Exercise requirements
Take the line containing "vileda 102562 101882" through the last line of the data and retype those lines exactly. Pictures do not belong in the copy.

Input data

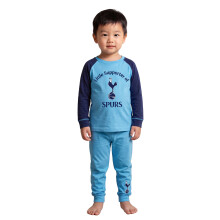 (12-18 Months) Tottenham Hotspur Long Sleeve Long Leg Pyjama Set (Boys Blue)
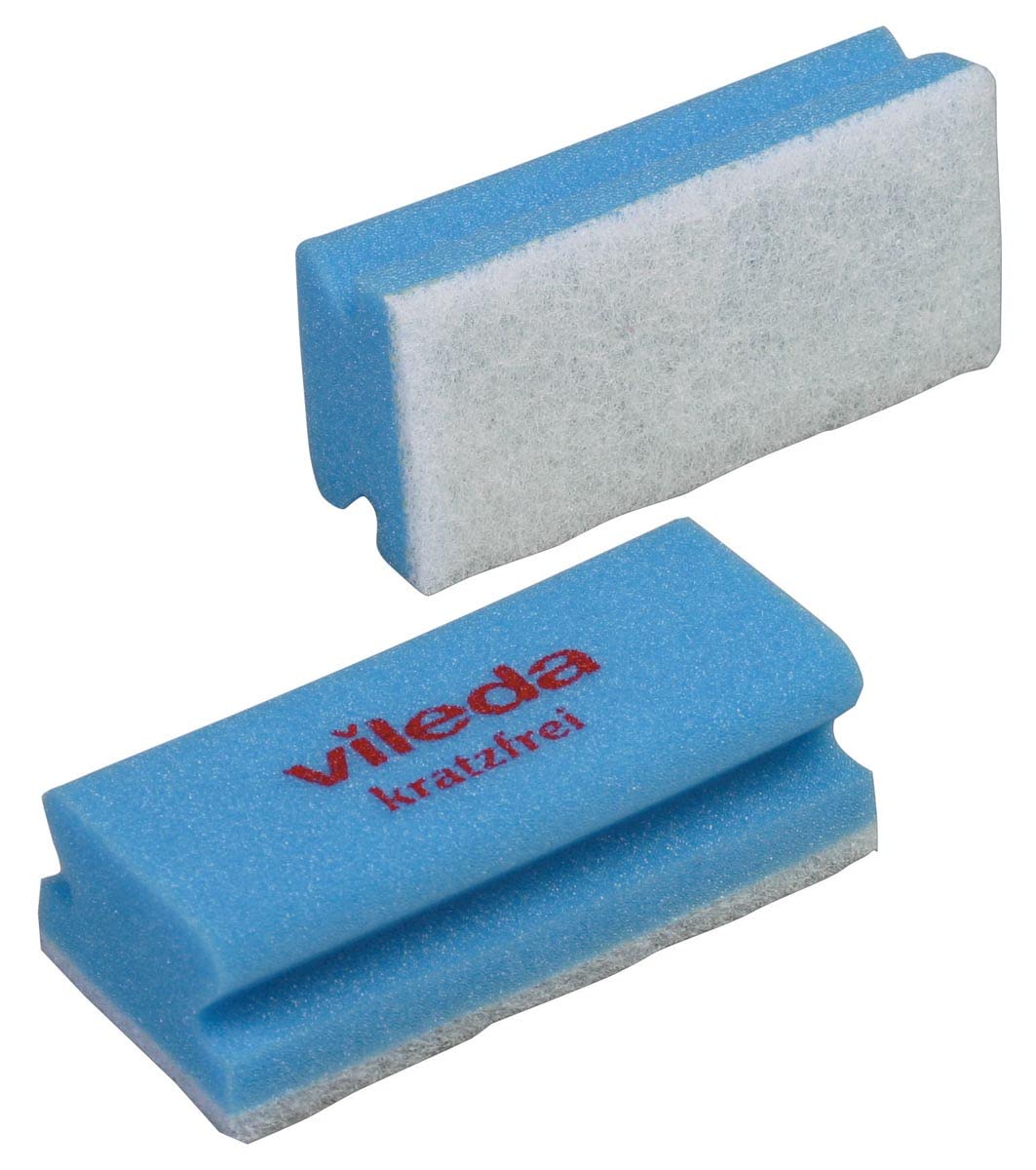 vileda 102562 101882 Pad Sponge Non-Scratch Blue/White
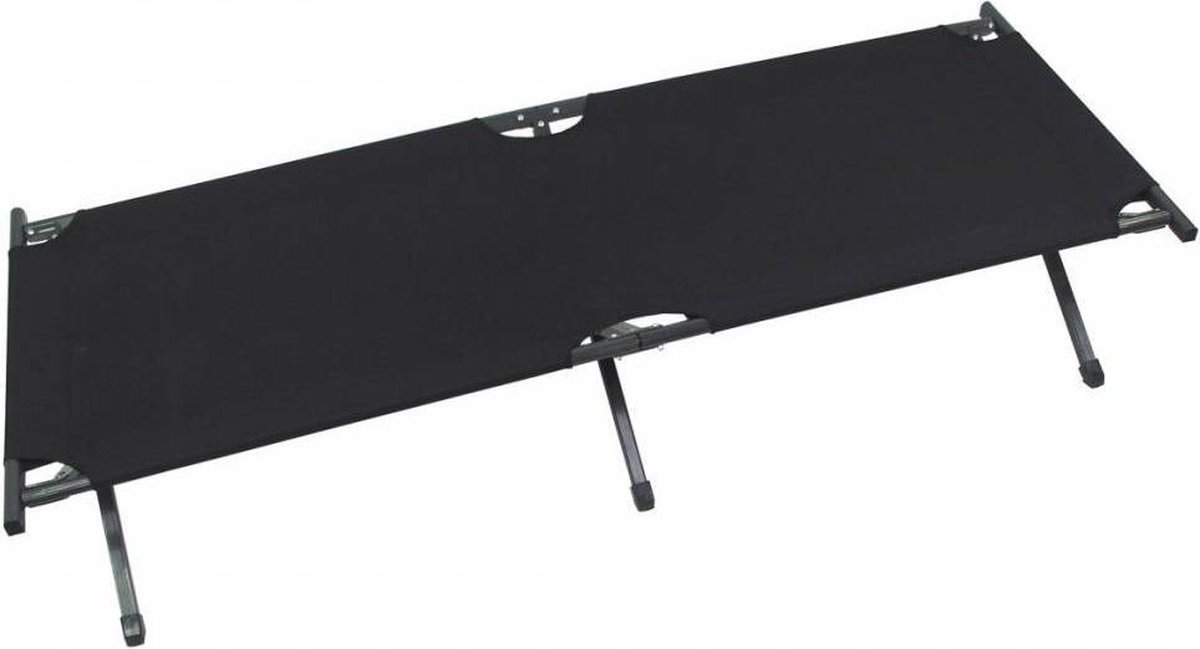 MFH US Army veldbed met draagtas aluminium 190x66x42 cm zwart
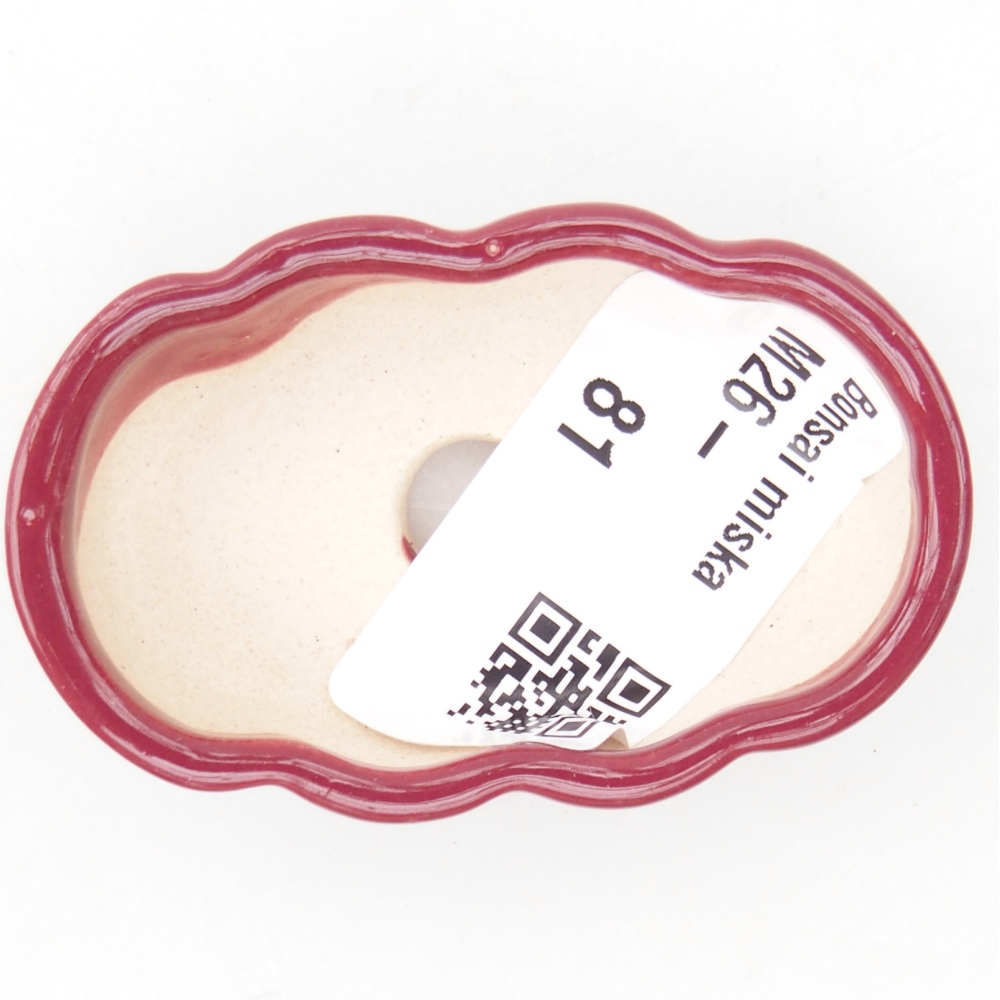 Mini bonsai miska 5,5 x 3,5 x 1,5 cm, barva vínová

Exercise output
 vileda 102562 101882 Pad Sponge Non-Scratch Blue/White
 MFH US Army veldbed met draagtas aluminium 190x66x42 cm zwart
 Mini bonsai miska 5,5 x 3,5 x 1,5 cm, barva vínová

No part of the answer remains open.